YOUR TASK> Repeat exactly what runs from the line containing "Watercolor Whimsical Personalized" through the last line of the material below. Do not copy the pictures.

§ §

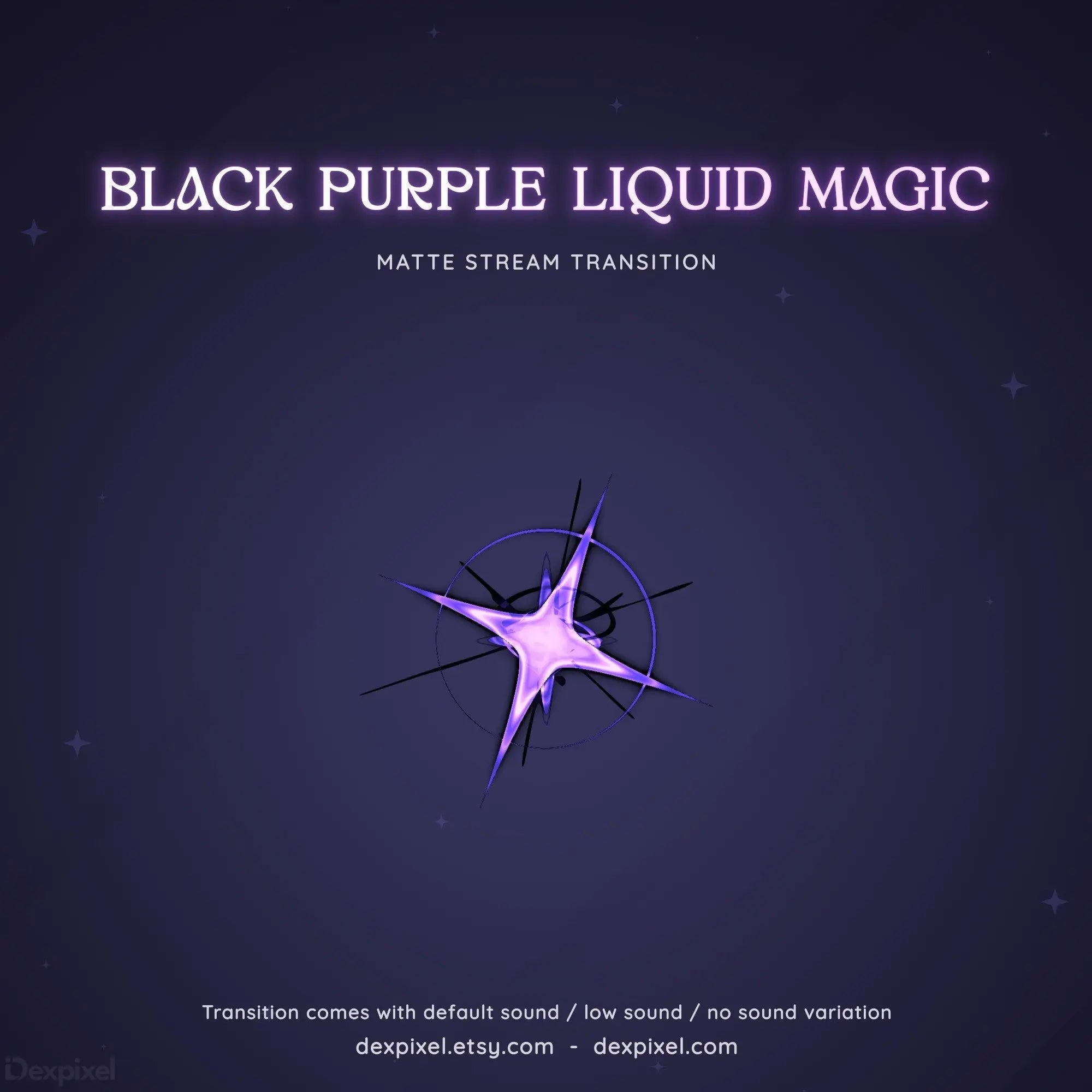 animated colorful transition for twitch
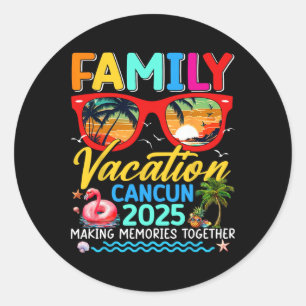 Adesivo Férias Familiares Cancún 2025 Summer Matching Grou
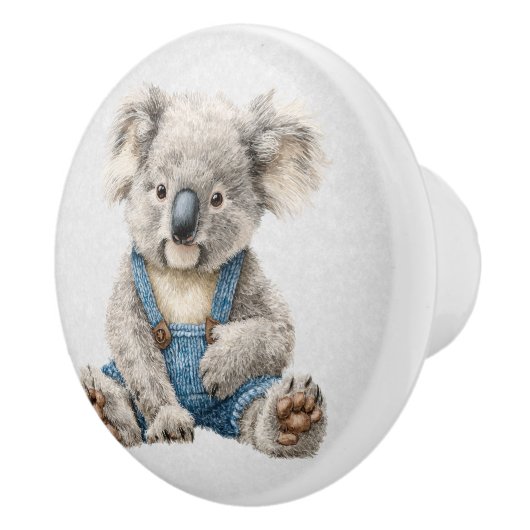 Watercolor Whimsical Personalized Koala Bear Keramische Knop (Rechts)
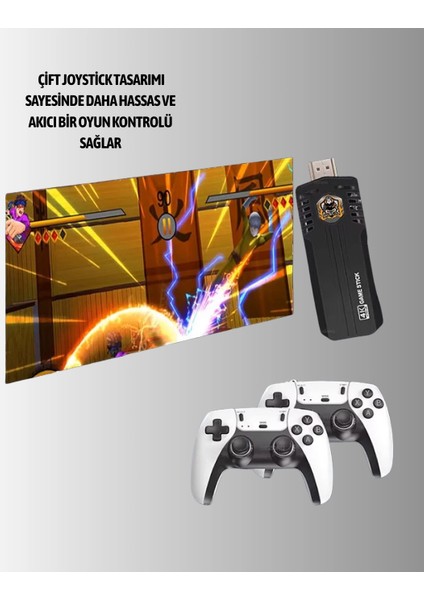 Kablosuz Retro Oyun Konsolu – 30.000+ Oyun ve Hd Görüntü ile Kesintisiz Eğlence modelleri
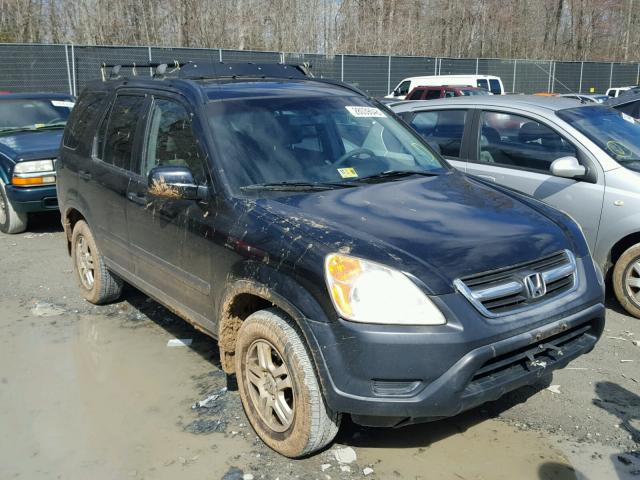 JHLRD788X2C005886 - 2002 HONDA CR-V EX BLACK photo 1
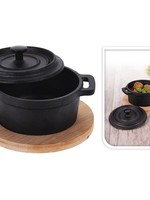 Ceruzo Tapas Stoofpannetje - Gietijzer - Ø10 cm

§ §

YOUR RESPONSE>
 Watercolor Whimsical Personalized Koala Bear Keramische Knop (Rechts)
 Kablosuz Retro Oyun Konsolu – 30.000+ Oyun ve Hd Görüntü ile Kesintisiz Eğlence modelleri
 JHLRD788X2C005886 - 2002 HONDA CR-V EX BLACK photo 1
 Ceruzo Tapas Stoofpannetje - Gietijzer - Ø10 cm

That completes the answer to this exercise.